The results for Oman have been significant
The oldest independent state in the Arab world, Oman has an economy which, like those of many of its neighbors, is heavily based on oil production. While recent high oil prices have driven state revenues well above predictions, production levels - currently at 750,000 barrels per day - have actually fallen considerably in recent years, dropping 8.9 percent between 2002 and 2003 alone.
And they are not alone, the production drop in the North Sea is now running over 11% a year. This is of concern because the projections have been used as the basis for British investment plans
Current oil and gas investment is expected to hold the rate of production decline at 6-7%/year for 5 years. But challenges remain if the industry expects to slow the long-term decline rate, UKOOA said. The UK offshore oil and gas industry spent £4.7 billion in 2004 on operations and £3.7 billion on exploration and capital expenditure. During 2005, the industry expects to invest £5 billion on operations and more than £4 billion on exploration and capital developments.

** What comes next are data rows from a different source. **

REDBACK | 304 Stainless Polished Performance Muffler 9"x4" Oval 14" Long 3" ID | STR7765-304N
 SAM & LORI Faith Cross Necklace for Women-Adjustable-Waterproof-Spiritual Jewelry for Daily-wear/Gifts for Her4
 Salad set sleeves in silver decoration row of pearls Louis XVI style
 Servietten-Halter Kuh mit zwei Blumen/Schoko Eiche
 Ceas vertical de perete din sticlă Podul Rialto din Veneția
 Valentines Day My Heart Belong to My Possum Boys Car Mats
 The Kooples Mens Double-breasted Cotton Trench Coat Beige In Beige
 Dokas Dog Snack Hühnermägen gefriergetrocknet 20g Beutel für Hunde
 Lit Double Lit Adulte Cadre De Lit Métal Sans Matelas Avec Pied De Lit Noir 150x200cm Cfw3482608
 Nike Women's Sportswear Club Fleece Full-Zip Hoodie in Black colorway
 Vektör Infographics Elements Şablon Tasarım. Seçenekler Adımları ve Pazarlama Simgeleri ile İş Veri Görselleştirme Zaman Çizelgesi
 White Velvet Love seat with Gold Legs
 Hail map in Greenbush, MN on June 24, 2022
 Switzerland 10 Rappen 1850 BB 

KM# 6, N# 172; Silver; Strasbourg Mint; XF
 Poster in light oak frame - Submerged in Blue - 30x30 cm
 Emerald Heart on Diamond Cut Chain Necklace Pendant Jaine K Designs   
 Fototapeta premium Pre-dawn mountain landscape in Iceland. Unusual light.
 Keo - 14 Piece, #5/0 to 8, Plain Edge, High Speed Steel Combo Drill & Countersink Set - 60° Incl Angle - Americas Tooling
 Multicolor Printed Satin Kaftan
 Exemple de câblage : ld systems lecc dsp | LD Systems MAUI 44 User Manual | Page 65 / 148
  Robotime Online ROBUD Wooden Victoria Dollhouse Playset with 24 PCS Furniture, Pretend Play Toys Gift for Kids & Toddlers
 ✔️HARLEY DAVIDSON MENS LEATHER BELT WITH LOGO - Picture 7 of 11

During 2004, the number of new project approvals doubled from 2003 to 27 project approvals, and exploratory drilling increased 40% from the previous year with 63 wells drilled.
Thus if the deletion rates are greater than anticipate, then the gap between supply and demand will develop and grow that much faster than exists in Skebowski's comparison into the next five years.

There is also another worry that goes back to Jean Lahererre's paper at the Lisbon Conference run by ASPO this May. There are a couple of paragraphs in that paper that are of interest - the first is this:
SPE/WPC rules define "proven" value as being at least a probability of 90% to exist. I have shown already that the USDOE annual reports allow computing the probability of the proved estimates, which were for oil about 75% in the 70s, but trending towards 50% now, as in 2001 the negative revisions were larger than the positive revisions.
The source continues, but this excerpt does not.